There could be variation in verbal descriptor anchors depending on the intended use of the scale.
For pain intensity, the scale is most commonly anchored by “no pain” (score of 0) and “pain as bad as it could be” or “worst imaginable pain” (score of 100 [on 100-mm scale]
Though some scales use them, numbers or verbal descriptors at intermediate points are not recommended. This is done to avoid clustering.
Here is an image of the classic visual analog scale I have just described.
Usually, respondents are asked to report current pain intensity or pain intensity in the last 24 hours.
Here is another variation of the scale used. This looks more descriptive and seems user-friendly than one pictured above.
Another visual analog scale
How To Use Visual Analog Scale
The pain visual analog scale is self-completed by the respondent. The respondent is asked to place a line perpendicular to the VAS line at the point that represents their pain intensity.
After the patient has marked, using a ruler, the score is determined by measuring the distance (mm) on the 10-cm line between the “no pain” anchor and the patient’s mark.
The scores can be from 0–100.
A higher score indicates greater pain intensity.
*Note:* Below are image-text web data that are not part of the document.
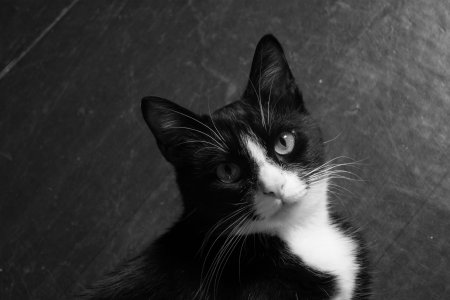 Котик черно белый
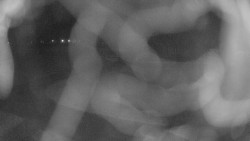 Areál koupaliště Holešov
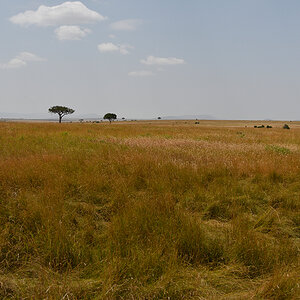 _R055432_20180723_120736_2453Masai Mara 2018_3195Masai Mara 2018-1200.jpg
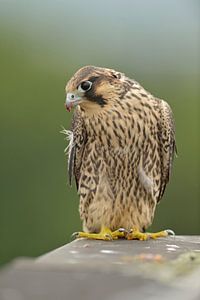 Wanderfalke ( Falco peregrinus ), Jungvogel, sitzt auf eienr Dachkante und schaut nach unten, Fronta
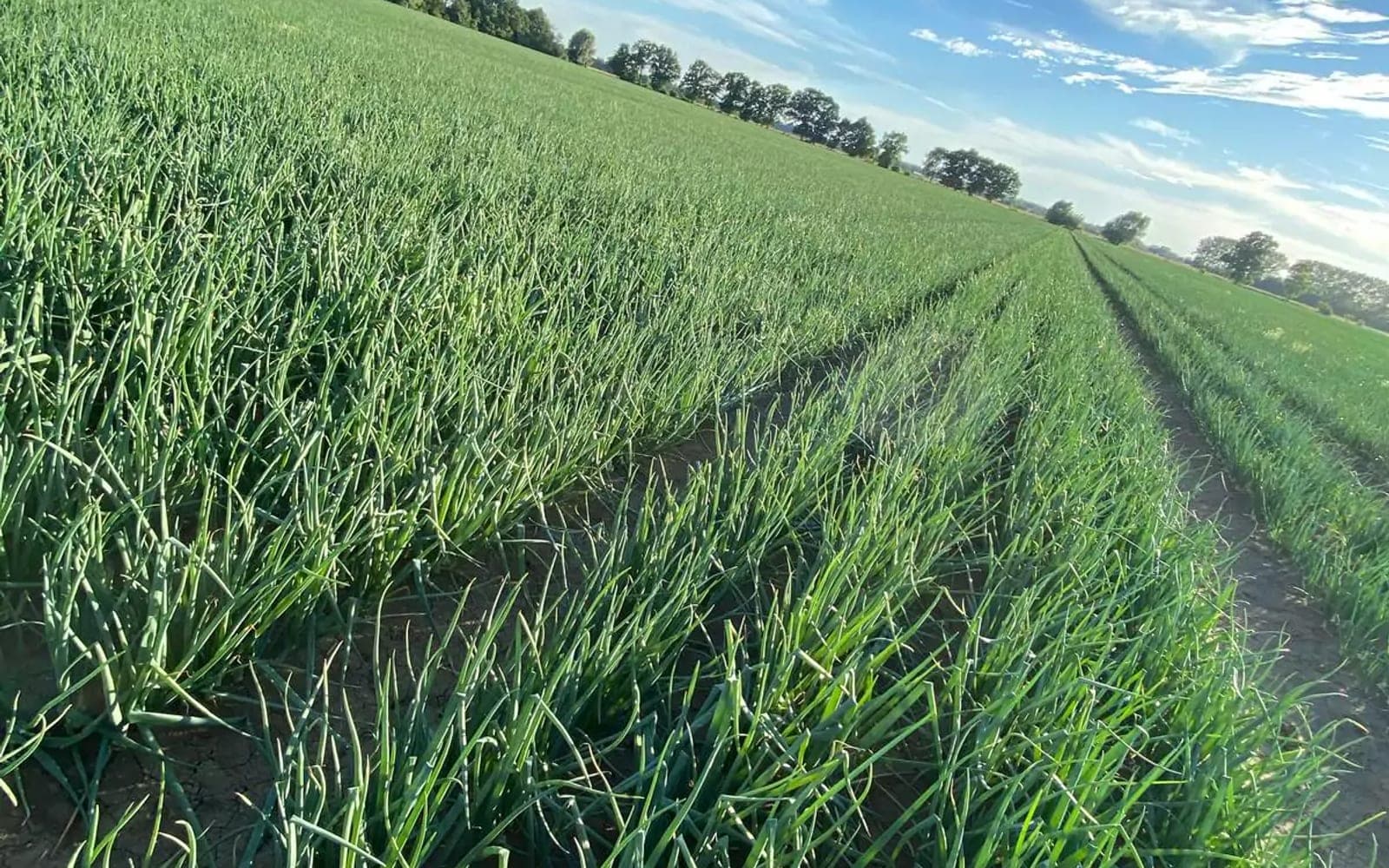 Cebula pakowana w big bagi i worki siatkowe gotowe do wysyłki hurtowej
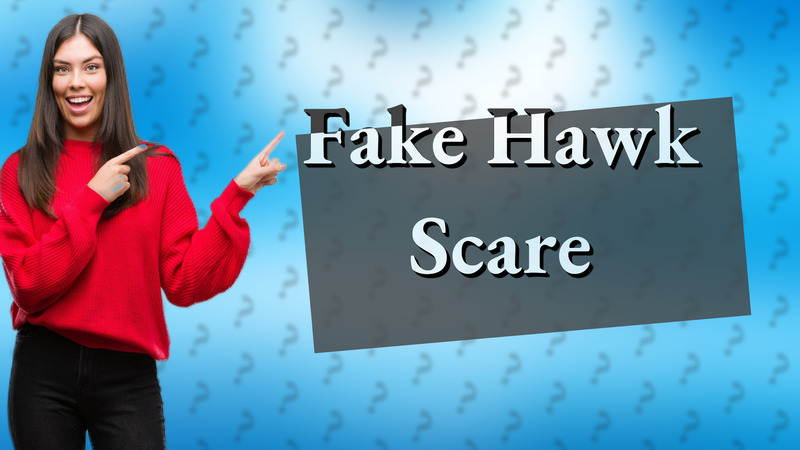 Fake Hawk Scare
Based on the distribution of pain VAS scores in postsurgical patients, the following cut points on the pain VAS have been recommended
- No pain (0 –4 mm)
- Mild pain (5–44 mm)
- Moderate pain (45–74 mm)
- Severe pain (75–100 mm)
The significance of the Visual Analog Scale
Pain visual analog scale is very easy to use by respondent and assessor both. Woodford and Merskey first reported the use of the VAS pain scale. The reliability of the test has shown to be good and is higher among literate
VAS has been shown to be highly correlated with a 5-point verbal descriptive scale [ mild to severe]
Limitations to the use of the pain VAS include the following
- older patients may have dif?culty completing the pain VAS due to cognitive impairments or motor skill issues.
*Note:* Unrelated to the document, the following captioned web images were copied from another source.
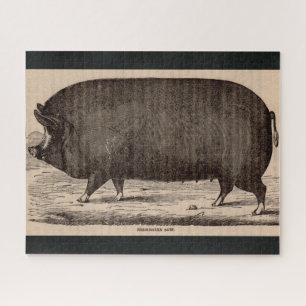 Quebra-cabeça Porco do século XIX impressão Berkshire porca n.o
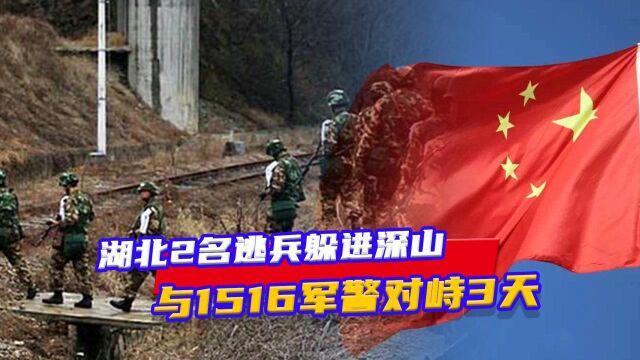 1988年,湖北2名逃兵躲进深山,与1516军警对峙3天,终被活活烧死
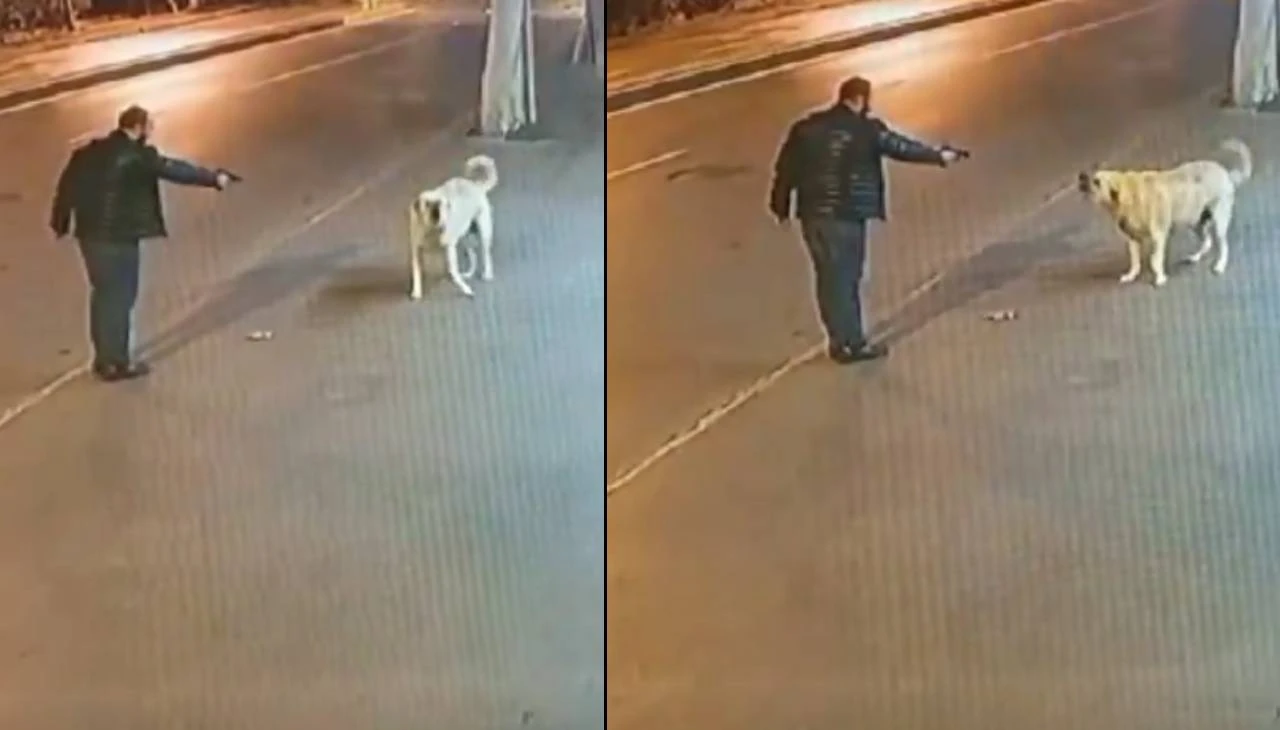 Engelli köpeğe öldürmek için silah çekti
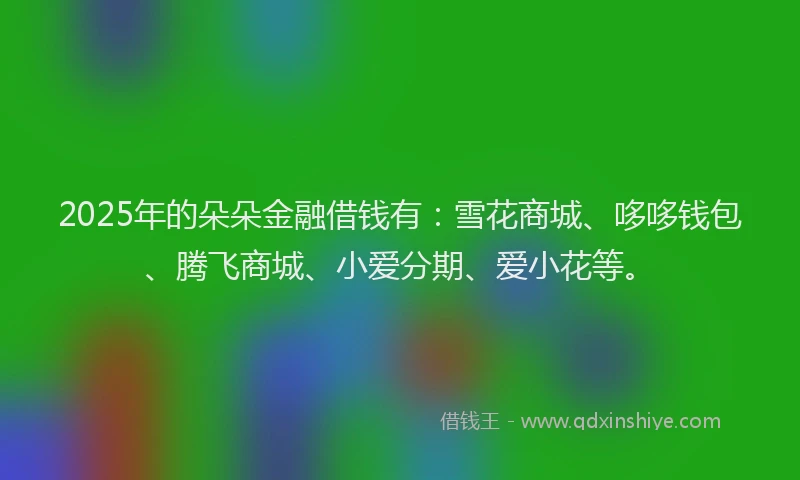 2025年的朵朵金融借钱有：雪花商城、哆哆钱包、腾飞商城、小爱分期、爱小花等。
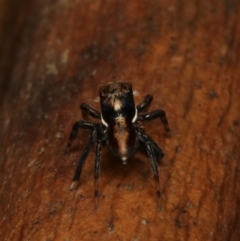Maratus watagansi at Acton, ACT - 2 Jan 2023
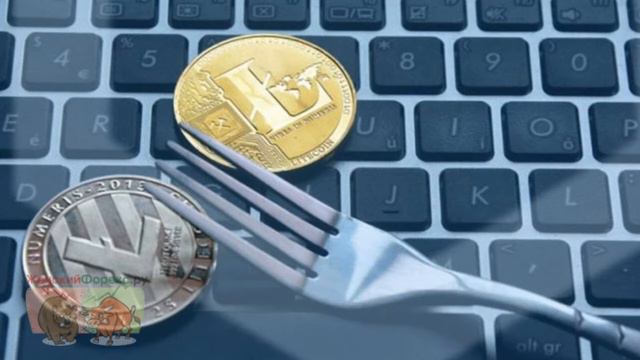 Форк криптовалют. Ключевые особенности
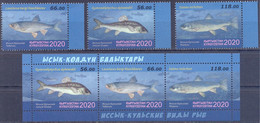 2020. Kyrgyzstan, Fauna Of Kyrgyzstan, Fishes, 3v + S/s Perforated, Mint/** - Kirgisistan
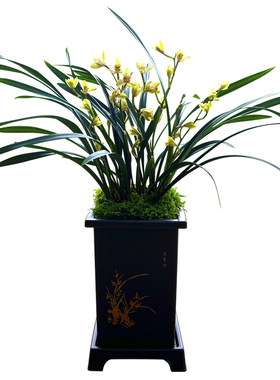 兰花苗中华水仙夏带花苞梅瓣精品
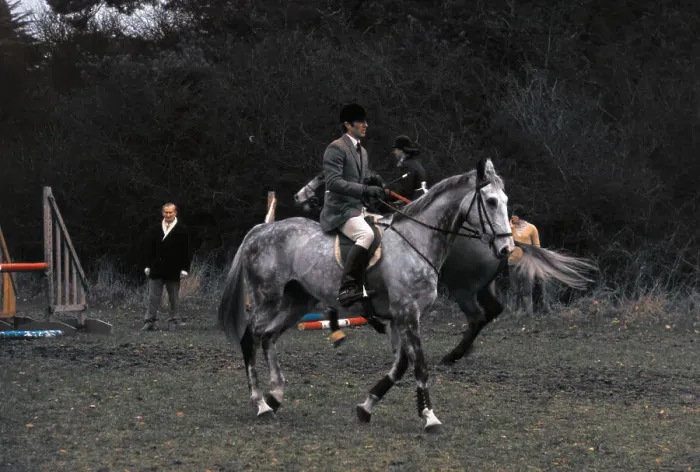 Framed Print : Mark Phillips Mounted on the Queens Horse Framed Print : Mark Phillips Mounted on the Queens Horse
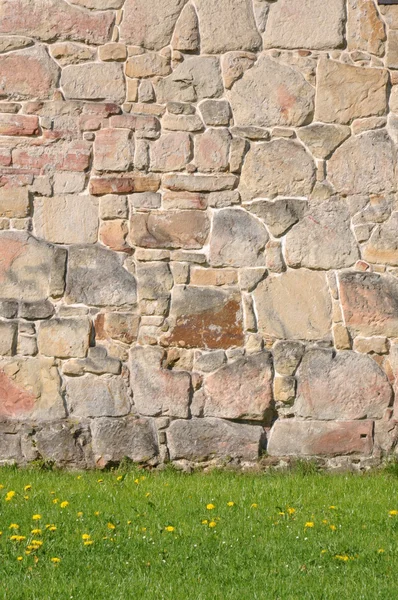 Steinmauer mit grünem Gras — Stockfoto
- It cannot be administered by telephone, limiting its usefulness in research.
Color visual analog scale or color analog scale is a pain assessment tool that is built on the pattern of Visual Analog Scale.
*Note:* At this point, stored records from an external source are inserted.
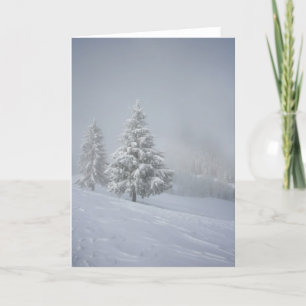 Winter Scenery Holiday Card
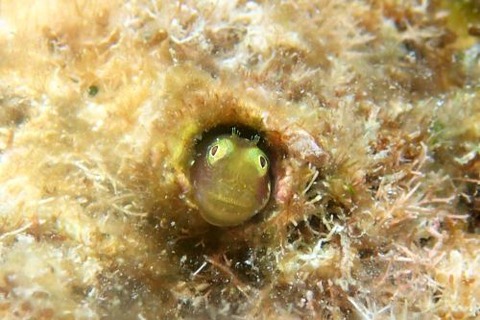 シシマイギンポ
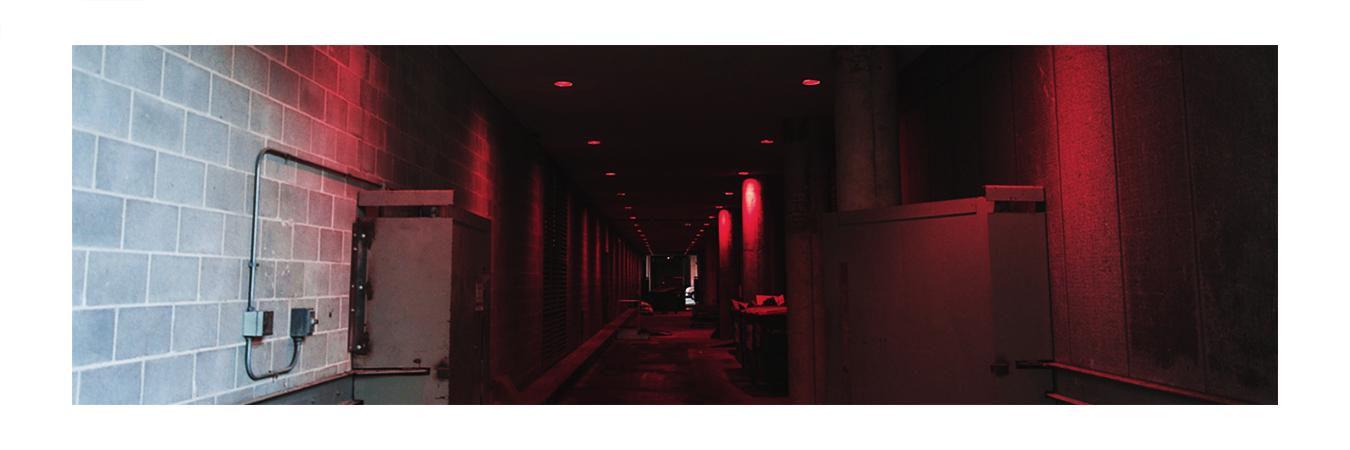 braydennwogdr's profile banner image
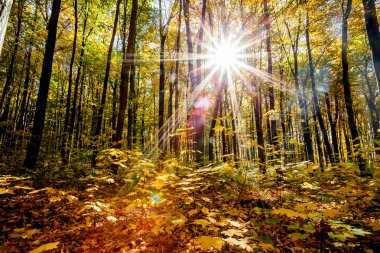 sonbahar Orman ağaçları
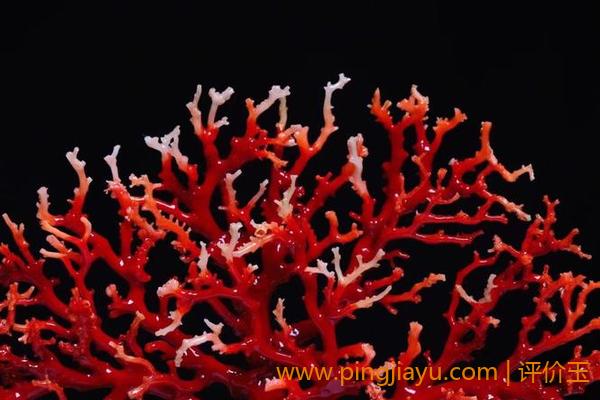 珊瑚红色的含义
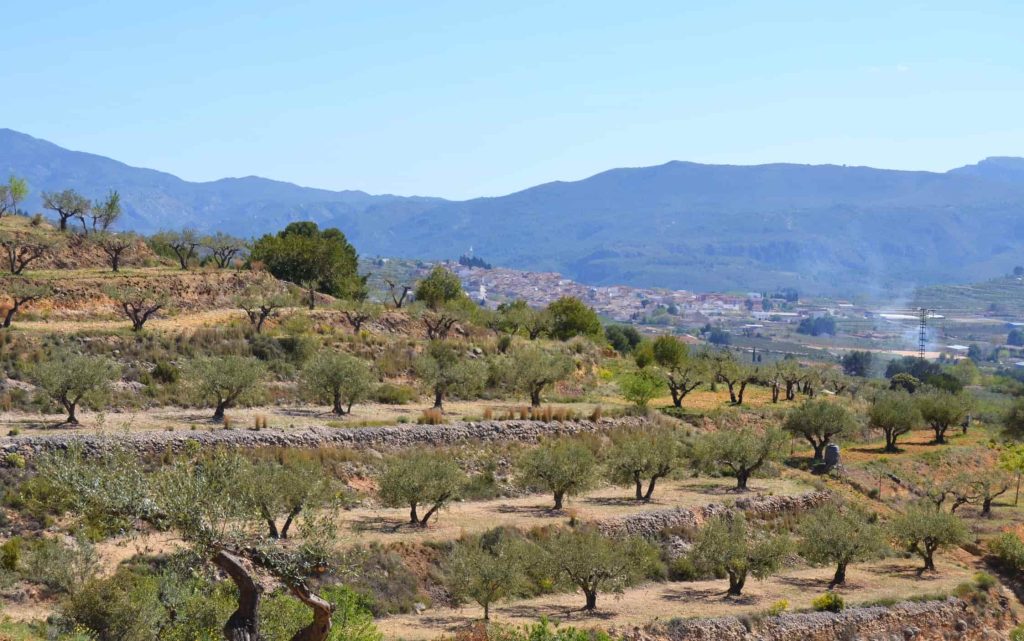 Como afecta Clima en Alicante -Aceite de Oliva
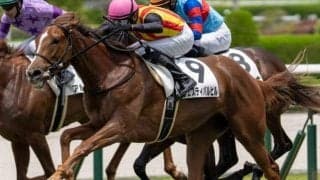 【新潟2歳S】半兄は皐月賞馬のミュージアムマイル フェスティバルヒルが重賞初制覇なるか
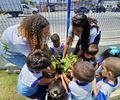 Autarquia de Limpeza Urbana promove ações sustentáveis em alusão à Semana da Árvore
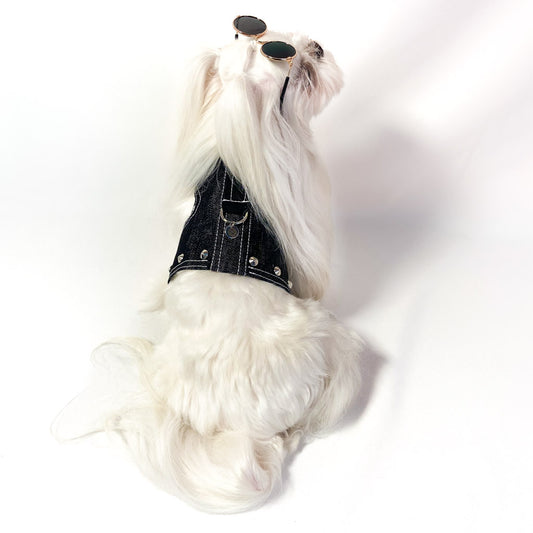 Pettorina brassiere Iron nera in denim per cani piccoli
The color analog scale is used in children and in patients with poor cognition such as Alzheimer disease.
What is Color Analog Scale?
Color analog scale is 10 cm in length. It is 20 mm wide at the bottom and white in color [see image].
The white color indicates no pain.
The scale further widens to 75 mm at the top and gradually changes in color to red. The top red color indicates the worst pain.
The reverse side of the scale is numbered from 0 to 10 in 1-cm increments, enabling investigators to quantify the children’s responses.
How To Use?
The respondent is told something like following in his/ her language
“See this scale, it is like a thermometer. The bottom, where it is small and white means no pain and the top where it is wider and red means the most pain you can imagine” and the assessor points to each end while describing.
After explaining about the scale, the respondent is asked to do his/her part
“You slide the marker to the spot on the thermometer that shows how much pain you are having right now.
All measurements are recorded to the closest 0.25 cm.
Repeated studies have shown color analog scale to be a valid scale for the evaluation of pain intensity in children.